Gretchen Gotay

Personal information
- Full name: Gretchen Gotay Cordero
- National team: Puerto Rico
- Born: 14 August 1980 (age 45) San Juan, Puerto Rico
- Height: 1.73 m (5 ft 8 in)
- Weight: 62 kg (137 lb)

Sport
- Sport: Swimming
- Strokes: Freestyle, backstroke
- Club: Athens Bulldogs Swim Club (U.S.)
- Coach: Harvey Humphries

Medal record
Women's swimming
Representing Puerto Rico
Central American and Caribbean Games
| Gold medal – first place | 1998 Maracaibo | 4×200 m freestyle |
| Gold medal – first place | 2002 San Salvador | 4×200 m freestyle |
| Bronze medal – third place | 2002 San Salvador | 4×100 m freestyle |
| Bronze medal – third place | 2006 Cartagena | 4×100 m medley |

= Gretchen Gotay =

Puerto Rican swimmer (born 1980)

Gretchen Gotay Cordero (born August 14, 1980) is a Puerto Rican former swimmer, who specialized in freestyle and backstroke events. She won a total of four medals (2 golds and 2 bronze) in both freestyle and medley relays at the Central American and Caribbean Games (1998, 2002, and 2006). She is a member of Athens Bulldogs Swim Club under her personal coach Harvey Humphries, and a graduate with a master's degree in sports management at the University of Georgia in Athens.

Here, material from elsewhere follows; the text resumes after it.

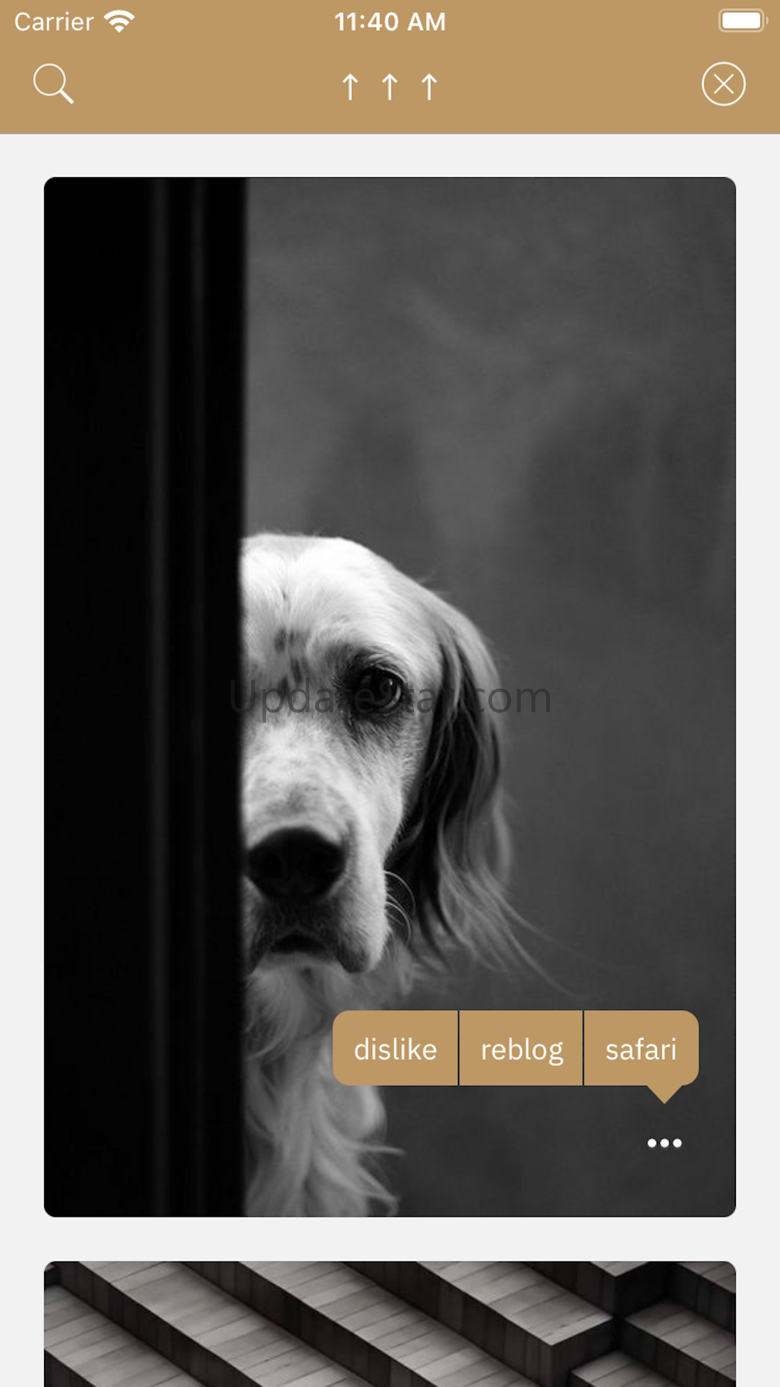 T Plus One - A tumblr client 1.0.20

Gotay qualified for the women's 200 m backstroke, as a member of the Puerto Rico team, at the 2004 Summer Olympics in Athens. She posted a meet-record and a FINA B-standard of 2:19.89 from the Caribbean Championships in Kingston, Jamaica. She participated in the first heat, against two other swimmers Saida Iskandarova of Uzbekistan, and Sherry Tsai of Hong Kong, who carried the nation's flag in the opening ceremony. She raced to second place by a 4.56-second margin behind winner Tsai, outside her entry time of 2:23.39. Gotay failed to advance into the semifinals, as she placed thirty-first overall in the preliminaries.